For example, without reversing the order, we get $5_{10} = |001_{2}\rangle$ after measurement since its in a order of $|q_{0}q_{1}q_{2}\rangle$ where we usually denote $5_{10} = 100$.
from qiskit import QuantumCircuit, ClassicalRegister
from qiskit import QuantumRegister
# Qubit order:
# q[0] = a1
# q[1] = a0
# q[2] = b1
# q[3] = b0
# q[4] = temp
# q[5] = carry
# initialize both quantum and classical registers and combine them to construct a initial quantum circuit
qr = QuantumRegister(6, name="q")
cr = ClassicalRegister(2, name="sum")
qc = QuantumCircuit(qr, cr, name="Adder_01+01")
# Initialize a = 01 → a1 = 0, a0 = 1s
qc.x(1)
# Initialize b = 01 → b1 = 0, b0 = 1
qc.x(3)
# Step 1: Save b0 to temp
qc.cx(3, 4)
# Step 2: CNOT(a0, b0) → sum₀
qc.cx(1, 3)
# Step 3: Toffoli(a0, temp, carry)
qc.ccx(1, 4, 5)
# Measure result: sum = b1b0
# carefully assign qubits to classical qubit, recall taht the order of classical bit is |cr_1,cr_0>!
qc.measure(qr[5], cr[1]) # b1 = 1 = c = cr[1]
qc.measure(qr[3], cr[0]) # b0 = 0 = sum = cr[0]
<qiskit.circuit.instructionset.InstructionSet at 0x16f86142c50>
You will see that we set $q_{1} = q_{3} = |1\rangle$ to make $a_{1} = b_{1} = 1$ by plotting out our circuit!
Here, we measure the carry qr[5] and sum qr[3] and assign them into our classical register.
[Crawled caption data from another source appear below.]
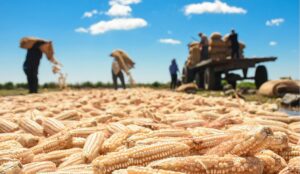 El Salvador: Gobierno rechaza existencia de escasez de maíz blanco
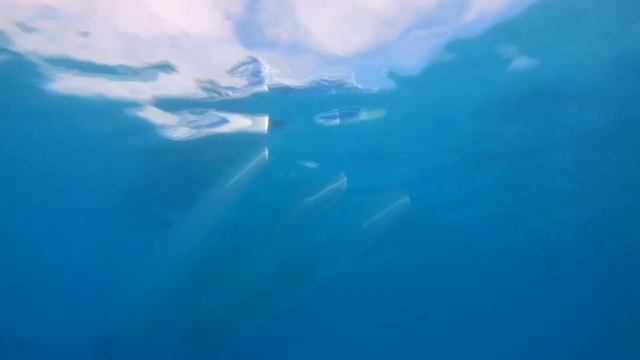 Новые Изобретения На Совершенно Новом Уровне смотреть онлайн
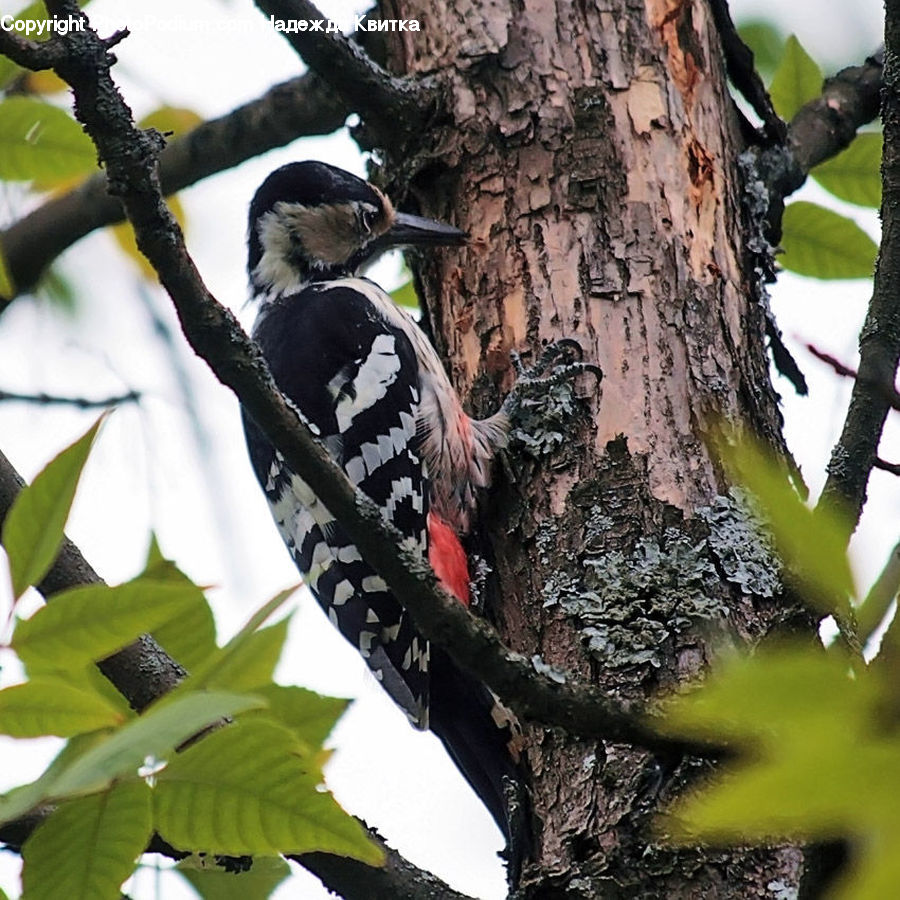 Bird, Flicker Bird, Woodpecker, Magpie, Art, Modern Art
Remember that our classical register is ordering as
$$ |cr[1]cr[0]\rangle $$
# Let's plot our circuit!
qc.draw('mpl', initial_state = True)
The following blocks is calling the Qiskit simulator and compute our measurement results using StatevectorSampler provided by Qiskit.
It's worth to notice that the get_count() function return classic register in a order of
$$ |\text{cr}_{n-1}\text{cr}_{n-2}...\text{cr}_{1}\text{cr}_{0}\rangle $$
IF NO SPECIFIC ORDER IS ASSIGNED
from qiskit.primitives import StatevectorSampler as Sampler
# --- Step 5: Execute with Aer Sampler ---
sampler = Sampler()
job = sampler.run([qc],shots=4096)
result = job.result()
print(result[0])
SamplerPubResult(data=DataBin(sum=BitArray(<shape=(), num_shots=4096, num_bits=2>)), metadata={'shots': 4096, 'circuit_metadata': {}})
# See our resutl
print(result[0].data)
print(result[0].data._data.keys())
DataBin(sum=BitArray(<shape=(), num_shots=4096, num_bits=2>)) dict_keys(['sum'])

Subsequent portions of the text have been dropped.